We concluded that Big Tech are measuring and valuing users and user metrics collected within and through their ecosystems. We called this “techcraft”—echoing the arguments of James C. Scott on “statecraft”—since it involves making a particular kind of data (i.e., user metrics) measurable and legible as an asset to Big Tech and their investors. Acquisitions provide a snapshot of this assetization process, where innovation and business strategies are specifically valued on the back of the generation of user numbers, user engagement, user clicks, click-through rates, and so on. Users and user engagement are the thing being valued as assets by Big Tech firms and market actors, even if it does not show up on balance sheets. Monetization of users and user engagement is based on selling access to users and access to users is controlled via (1) the legal rights that users sign over to firms and (2) the techno-economic configuration of user engagement through technological capture (e.g., Like buttons, cookies, etc.). User engagement is measurable, legible, and valuable because it drives an extraction-as-service or subscription-based business model, entailing repeat revenue streams rather than one-off earnings. Of particular importance is the fact that users indefinitely sign away their legal rights in ubiquitous terms and conditions contracts that can be amended at will by Big Tech. Furthermore, users indirectly sign away their friends and families’ rights through third-party permissions embedded in numerous apps.
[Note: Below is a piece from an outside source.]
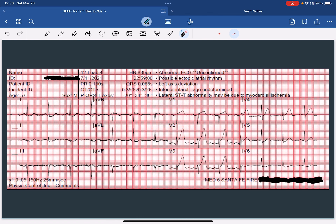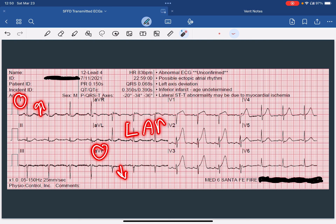From there, let's look at what the cardiac axis is doing. We'll evaluate lead 1 and lead AVF. Lead 1's orientation is predominantly electropositive, whereas lead AVF's orientation is predominantly electronegative. And so we have a left-axis deviation.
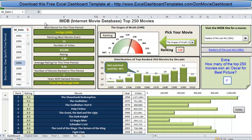Today I'm going to show you what Don did for the movie Database Top 250 Movies. He created this dashboard based off of the data set that I provided and I thought he did an awesome job. You can go to my blog at ExcelDashboardTemplates.com and download this sample file for free and play around with all the different techniques that Don used in his dashboard.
In conclusion, it is important to note that despite the power of Big Tech, there is a real threat to their dominance arising from their data governance practices. People are not “users,” yet they are reconfigured as these techno-economic objects. Personal data is not “user engagement,” yet it is frequently understood, measured, and made legible as such. Building on claims made by Shoshana Zuboff and others about surveillance capitalism, especially her notion of “prediction products,” we argued that the reconfiguring of people (and personal data) as users and user engagement through techcraft makes these entities measurable and legible only in these terms, without a requirement that they translate into actual changed behavior (e.g., changing spending behavior). Consequently, the simulation of “users” and “user engagement” can very easily disrupt and distort the measurement, governance, and valuation of user data on which Big Tech relies. For example, bots, click farms, and other automated processes simulating user activity can and will significantly undermine trust in Big Tech’s supposedly key assets over time. This is outlined in Tim Hwang’s new book on the Subprime Attention Crisis, which offers a contrasting take—from Zuboff’s—on how personal data is governed in contemporary capitalism.

Kean Birch is an Associate Professor at York University, Canada

D.T. Cochrane is a Postdoctoral Fellow at York University, Canada

Callum Ward is a Research Fellow at UCL, UK

This post is adapted from their paper, “Data as asset? The Measurement, governance, and valuation of digital personal data by BigTech”, published in the journal Big Data & Society.